— DATA PROVIDED —

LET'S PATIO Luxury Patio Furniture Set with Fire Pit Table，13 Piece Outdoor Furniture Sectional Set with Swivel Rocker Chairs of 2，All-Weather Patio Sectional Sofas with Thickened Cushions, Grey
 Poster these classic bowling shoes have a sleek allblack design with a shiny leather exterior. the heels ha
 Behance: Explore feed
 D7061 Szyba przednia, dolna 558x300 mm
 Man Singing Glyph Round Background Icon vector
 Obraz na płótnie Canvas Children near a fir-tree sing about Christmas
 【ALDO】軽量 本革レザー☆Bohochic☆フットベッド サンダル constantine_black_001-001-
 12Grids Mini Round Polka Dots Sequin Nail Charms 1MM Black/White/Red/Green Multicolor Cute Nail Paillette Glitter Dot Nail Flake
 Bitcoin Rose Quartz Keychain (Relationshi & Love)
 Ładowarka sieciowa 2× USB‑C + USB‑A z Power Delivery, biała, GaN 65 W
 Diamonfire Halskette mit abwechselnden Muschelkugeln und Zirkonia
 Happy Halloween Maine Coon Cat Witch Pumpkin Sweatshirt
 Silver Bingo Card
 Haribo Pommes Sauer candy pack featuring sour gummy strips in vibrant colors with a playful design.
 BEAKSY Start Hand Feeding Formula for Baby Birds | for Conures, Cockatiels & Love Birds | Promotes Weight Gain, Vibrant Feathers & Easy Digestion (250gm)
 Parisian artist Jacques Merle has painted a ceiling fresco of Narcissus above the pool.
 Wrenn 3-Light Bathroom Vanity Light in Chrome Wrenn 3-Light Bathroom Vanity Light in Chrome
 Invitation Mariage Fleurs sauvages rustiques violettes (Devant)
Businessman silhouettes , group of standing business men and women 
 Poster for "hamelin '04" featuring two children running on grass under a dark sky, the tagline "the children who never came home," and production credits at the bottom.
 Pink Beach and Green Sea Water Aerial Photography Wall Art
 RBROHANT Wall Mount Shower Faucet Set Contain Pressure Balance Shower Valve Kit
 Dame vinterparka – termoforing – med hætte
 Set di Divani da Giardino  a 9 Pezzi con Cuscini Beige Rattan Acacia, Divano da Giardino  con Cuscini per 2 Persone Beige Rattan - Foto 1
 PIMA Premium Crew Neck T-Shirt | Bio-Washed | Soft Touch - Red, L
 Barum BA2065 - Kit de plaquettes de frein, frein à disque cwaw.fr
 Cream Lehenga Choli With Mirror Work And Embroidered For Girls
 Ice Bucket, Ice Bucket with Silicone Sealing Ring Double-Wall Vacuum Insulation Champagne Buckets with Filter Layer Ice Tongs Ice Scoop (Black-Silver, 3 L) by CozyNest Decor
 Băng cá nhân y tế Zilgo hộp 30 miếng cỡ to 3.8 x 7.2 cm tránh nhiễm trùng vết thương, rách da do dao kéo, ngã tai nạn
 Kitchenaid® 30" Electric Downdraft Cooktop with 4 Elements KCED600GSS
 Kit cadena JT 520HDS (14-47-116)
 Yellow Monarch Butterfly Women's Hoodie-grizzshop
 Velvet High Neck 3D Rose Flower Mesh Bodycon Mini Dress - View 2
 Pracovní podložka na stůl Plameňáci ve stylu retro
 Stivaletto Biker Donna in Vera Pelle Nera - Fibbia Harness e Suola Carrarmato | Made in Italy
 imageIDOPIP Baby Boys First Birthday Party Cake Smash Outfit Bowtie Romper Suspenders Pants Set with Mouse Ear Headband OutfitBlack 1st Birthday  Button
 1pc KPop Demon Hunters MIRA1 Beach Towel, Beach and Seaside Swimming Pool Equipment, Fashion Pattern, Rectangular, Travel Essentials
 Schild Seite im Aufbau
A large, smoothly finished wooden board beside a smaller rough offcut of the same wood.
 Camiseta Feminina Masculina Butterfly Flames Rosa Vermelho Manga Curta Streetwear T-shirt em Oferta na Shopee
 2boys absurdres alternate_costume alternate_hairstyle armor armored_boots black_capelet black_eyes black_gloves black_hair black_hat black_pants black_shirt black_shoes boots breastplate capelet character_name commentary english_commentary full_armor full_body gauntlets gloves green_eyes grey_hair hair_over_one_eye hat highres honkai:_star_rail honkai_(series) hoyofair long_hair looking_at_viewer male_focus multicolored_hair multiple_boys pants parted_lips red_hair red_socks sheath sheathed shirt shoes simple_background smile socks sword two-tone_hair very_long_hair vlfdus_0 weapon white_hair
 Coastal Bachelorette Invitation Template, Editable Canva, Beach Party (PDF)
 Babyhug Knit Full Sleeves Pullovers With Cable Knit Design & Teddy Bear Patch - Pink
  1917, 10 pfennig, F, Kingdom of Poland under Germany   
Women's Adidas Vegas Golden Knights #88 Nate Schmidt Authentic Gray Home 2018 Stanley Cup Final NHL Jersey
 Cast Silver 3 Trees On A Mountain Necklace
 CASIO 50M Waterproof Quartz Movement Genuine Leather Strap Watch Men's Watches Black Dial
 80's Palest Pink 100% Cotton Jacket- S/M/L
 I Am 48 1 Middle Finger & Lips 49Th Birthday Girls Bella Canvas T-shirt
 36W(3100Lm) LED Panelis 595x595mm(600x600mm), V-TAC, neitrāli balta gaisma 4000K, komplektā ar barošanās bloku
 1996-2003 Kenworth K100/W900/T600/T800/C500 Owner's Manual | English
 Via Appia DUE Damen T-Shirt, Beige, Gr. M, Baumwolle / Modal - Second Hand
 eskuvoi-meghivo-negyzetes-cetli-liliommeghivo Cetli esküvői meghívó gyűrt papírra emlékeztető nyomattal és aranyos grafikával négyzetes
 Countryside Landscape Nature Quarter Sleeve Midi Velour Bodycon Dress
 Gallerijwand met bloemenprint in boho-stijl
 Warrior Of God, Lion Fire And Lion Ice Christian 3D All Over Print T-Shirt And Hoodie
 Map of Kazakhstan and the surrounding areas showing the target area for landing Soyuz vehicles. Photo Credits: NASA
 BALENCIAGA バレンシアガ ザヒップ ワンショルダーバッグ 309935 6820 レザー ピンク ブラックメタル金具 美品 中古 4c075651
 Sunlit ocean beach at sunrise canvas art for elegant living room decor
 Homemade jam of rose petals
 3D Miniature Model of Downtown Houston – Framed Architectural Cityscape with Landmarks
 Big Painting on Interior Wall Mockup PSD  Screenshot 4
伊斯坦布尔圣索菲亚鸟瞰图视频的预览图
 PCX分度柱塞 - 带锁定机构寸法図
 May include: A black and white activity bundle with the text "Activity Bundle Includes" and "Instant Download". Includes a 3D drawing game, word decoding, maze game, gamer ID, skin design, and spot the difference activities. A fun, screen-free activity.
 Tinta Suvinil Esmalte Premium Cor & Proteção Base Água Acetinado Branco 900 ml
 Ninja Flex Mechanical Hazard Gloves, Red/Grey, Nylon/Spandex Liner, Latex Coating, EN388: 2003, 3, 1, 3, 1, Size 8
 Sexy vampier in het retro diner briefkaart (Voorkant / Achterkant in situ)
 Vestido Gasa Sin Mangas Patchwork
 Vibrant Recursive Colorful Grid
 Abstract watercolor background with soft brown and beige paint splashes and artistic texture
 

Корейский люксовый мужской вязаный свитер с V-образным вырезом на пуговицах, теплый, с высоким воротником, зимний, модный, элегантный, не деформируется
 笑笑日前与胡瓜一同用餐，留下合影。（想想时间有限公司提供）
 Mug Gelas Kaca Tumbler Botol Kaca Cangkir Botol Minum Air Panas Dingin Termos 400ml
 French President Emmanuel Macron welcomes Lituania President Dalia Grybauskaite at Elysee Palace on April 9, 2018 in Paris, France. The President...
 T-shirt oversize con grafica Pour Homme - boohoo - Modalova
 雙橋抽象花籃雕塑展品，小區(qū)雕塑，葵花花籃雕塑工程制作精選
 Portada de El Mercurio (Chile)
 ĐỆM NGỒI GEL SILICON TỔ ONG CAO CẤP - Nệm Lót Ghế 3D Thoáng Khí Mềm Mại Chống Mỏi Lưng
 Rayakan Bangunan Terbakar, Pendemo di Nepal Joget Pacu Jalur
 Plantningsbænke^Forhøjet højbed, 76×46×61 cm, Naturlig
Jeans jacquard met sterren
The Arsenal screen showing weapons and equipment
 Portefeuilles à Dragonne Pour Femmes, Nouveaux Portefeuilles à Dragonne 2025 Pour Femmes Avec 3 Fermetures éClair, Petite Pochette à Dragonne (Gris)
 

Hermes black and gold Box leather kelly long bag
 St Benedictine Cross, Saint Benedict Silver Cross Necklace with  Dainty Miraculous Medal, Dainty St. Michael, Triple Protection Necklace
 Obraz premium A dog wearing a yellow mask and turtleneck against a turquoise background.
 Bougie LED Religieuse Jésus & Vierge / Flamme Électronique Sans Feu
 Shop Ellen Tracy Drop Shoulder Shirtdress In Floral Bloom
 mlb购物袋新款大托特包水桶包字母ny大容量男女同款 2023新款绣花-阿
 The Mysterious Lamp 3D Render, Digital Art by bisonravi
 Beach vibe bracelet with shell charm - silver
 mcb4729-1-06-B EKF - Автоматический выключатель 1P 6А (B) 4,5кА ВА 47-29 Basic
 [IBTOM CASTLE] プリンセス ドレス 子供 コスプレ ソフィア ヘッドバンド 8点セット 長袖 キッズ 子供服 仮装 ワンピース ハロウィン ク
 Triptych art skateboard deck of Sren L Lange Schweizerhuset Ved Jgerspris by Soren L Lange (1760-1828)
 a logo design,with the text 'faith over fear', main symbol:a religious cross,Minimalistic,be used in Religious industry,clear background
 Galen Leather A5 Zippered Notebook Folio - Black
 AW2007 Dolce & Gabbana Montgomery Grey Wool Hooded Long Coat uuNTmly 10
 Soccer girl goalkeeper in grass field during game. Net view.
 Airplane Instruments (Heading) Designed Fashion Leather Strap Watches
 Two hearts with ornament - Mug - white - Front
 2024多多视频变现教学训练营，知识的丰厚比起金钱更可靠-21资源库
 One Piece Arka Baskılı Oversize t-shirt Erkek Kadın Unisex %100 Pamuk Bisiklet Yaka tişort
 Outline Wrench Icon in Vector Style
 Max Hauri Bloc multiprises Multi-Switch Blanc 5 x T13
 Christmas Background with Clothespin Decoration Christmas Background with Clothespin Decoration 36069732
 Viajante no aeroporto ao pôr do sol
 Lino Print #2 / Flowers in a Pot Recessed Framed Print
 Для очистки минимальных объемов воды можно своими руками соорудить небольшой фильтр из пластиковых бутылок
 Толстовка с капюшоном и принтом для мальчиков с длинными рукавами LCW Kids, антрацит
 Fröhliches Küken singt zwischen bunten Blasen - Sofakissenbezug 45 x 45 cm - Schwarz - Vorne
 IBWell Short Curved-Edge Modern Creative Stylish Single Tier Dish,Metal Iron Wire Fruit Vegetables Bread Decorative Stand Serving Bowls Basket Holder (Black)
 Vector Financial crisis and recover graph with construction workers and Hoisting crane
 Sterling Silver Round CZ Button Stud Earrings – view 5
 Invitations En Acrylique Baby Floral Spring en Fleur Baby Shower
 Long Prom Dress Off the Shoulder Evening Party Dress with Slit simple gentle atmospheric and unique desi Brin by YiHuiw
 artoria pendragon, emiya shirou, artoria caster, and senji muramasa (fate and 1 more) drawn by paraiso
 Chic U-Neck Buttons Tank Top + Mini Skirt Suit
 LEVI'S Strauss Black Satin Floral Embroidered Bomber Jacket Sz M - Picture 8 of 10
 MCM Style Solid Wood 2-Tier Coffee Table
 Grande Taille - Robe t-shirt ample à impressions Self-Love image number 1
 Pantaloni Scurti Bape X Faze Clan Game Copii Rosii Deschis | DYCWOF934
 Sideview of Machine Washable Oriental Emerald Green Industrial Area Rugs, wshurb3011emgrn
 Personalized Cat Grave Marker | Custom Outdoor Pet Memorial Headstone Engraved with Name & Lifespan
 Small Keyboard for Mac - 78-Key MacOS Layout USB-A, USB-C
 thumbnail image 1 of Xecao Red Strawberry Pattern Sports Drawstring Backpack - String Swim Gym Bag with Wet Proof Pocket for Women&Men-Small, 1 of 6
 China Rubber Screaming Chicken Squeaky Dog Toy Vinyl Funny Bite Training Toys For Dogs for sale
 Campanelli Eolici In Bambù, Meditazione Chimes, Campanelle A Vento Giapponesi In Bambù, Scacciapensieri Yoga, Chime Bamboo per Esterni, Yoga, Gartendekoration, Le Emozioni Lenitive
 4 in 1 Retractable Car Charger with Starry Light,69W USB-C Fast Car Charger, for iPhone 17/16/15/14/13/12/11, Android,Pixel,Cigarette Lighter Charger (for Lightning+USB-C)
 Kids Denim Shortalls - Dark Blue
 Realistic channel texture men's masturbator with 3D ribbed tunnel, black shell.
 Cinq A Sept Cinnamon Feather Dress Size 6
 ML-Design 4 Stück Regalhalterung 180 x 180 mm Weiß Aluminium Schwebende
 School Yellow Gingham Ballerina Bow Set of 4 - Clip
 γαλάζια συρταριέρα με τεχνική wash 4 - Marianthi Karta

— ABOUT THIS EXERCISE —
For the lines above, output exactly those from the line containing "Via Appia DUE" through the line containing "Warrior Of God, Lion", and skip the others.

— FINAL ANSWER —
 Via Appia DUE Damen T-Shirt, Beige, Gr. M, Baumwolle / Modal - Second Hand
 eskuvoi-meghivo-negyzetes-cetli-liliommeghivo Cetli esküvői meghívó gyűrt papírra emlékeztető nyomattal és aranyos grafikával négyzetes
 Countryside Landscape Nature Quarter Sleeve Midi Velour Bodycon Dress
 Gallerijwand met bloemenprint in boho-stijl
 Warrior Of God, Lion Fire And Lion Ice Christian 3D All Over Print T-Shirt And Hoodie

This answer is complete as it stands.